Law review article on patent trolls

We now have: Troll or no Troll? Policing Patent Usage with an Open
Post-Grant Review, 2005 Duke L. & Tech. Rev. 9.

Sadly, the article was obsolete by the time it appeared. It discussed JGR as a trolling event, when it in fact was not (see earlier post about Novell on IPBiz). From the article:

This type of enforcement--potentially a case of patent trolling--may have been JGR Acquisitions Inc.'s (JGR) goal when it purchased Commerce One's patent portfolio. Commerce One was founded in 1994 and its focus was on developing electronic commerce software applications.

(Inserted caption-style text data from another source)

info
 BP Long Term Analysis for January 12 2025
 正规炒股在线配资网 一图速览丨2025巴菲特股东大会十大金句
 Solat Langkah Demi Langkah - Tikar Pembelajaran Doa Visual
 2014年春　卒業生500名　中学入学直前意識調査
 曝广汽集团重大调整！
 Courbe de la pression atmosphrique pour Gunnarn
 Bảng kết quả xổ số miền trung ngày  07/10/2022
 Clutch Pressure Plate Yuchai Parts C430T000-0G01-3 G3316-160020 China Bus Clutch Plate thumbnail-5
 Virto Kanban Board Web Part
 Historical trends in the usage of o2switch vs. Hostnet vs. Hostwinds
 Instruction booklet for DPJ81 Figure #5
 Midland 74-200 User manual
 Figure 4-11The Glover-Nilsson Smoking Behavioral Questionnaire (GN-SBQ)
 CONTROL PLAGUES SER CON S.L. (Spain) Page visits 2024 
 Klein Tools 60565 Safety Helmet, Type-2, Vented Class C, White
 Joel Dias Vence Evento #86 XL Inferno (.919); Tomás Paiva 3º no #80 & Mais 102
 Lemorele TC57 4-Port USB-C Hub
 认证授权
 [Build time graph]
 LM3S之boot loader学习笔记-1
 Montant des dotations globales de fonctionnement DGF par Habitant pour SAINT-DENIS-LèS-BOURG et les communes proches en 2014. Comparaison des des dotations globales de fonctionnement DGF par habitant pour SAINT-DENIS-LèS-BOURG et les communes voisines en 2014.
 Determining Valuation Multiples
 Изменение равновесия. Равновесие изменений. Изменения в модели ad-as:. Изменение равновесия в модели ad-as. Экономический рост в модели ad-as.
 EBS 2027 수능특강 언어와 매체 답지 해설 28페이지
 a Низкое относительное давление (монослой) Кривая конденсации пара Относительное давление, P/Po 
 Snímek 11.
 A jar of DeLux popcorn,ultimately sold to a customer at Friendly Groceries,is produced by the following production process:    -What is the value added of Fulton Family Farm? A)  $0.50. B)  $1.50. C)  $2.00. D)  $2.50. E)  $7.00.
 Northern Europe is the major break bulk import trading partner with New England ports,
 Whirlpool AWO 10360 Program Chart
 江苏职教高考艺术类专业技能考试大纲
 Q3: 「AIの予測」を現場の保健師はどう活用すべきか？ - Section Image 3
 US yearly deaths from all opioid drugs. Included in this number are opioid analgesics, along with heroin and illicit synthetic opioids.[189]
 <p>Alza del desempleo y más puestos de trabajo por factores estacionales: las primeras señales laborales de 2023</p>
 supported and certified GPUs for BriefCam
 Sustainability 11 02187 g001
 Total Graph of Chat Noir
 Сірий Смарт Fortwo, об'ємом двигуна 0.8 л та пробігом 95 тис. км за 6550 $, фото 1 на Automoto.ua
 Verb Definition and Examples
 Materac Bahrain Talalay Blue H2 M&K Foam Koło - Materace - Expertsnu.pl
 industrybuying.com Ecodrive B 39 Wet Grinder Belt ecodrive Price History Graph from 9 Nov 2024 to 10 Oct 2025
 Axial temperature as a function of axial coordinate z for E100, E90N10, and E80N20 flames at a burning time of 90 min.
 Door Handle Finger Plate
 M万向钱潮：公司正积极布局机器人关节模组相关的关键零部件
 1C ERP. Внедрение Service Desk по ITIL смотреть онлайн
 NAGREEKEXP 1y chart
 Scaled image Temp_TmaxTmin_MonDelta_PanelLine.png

The proposed remedy to trolling is somewhat silly:

P19 In order to prevent patent trolls from deterring innovation and
protect legitimate patent enforcers, an open post-grant review should be available as an alternative to costly litigation. Patent trolls should be unable to capitalize
on market uncertainty by allowing others to unknowingly develop
infringing technologies while waiting in the wings to subsequently appear and extract licensing fees. At the same time, as demonstrated in the previous section, a patentee should be able to sell his patent rights in certain situations and the
purchaser should be able to enforce the patentee's rights. The best way to achieve this balance is to introduce legislation requiring the PTO to conduct an open review of a patent whenever a patent is renewed or sold.

[The "open review" discussed by the FTC and NAS is an opposition proceeding within a certain time after the patent ISSUES.]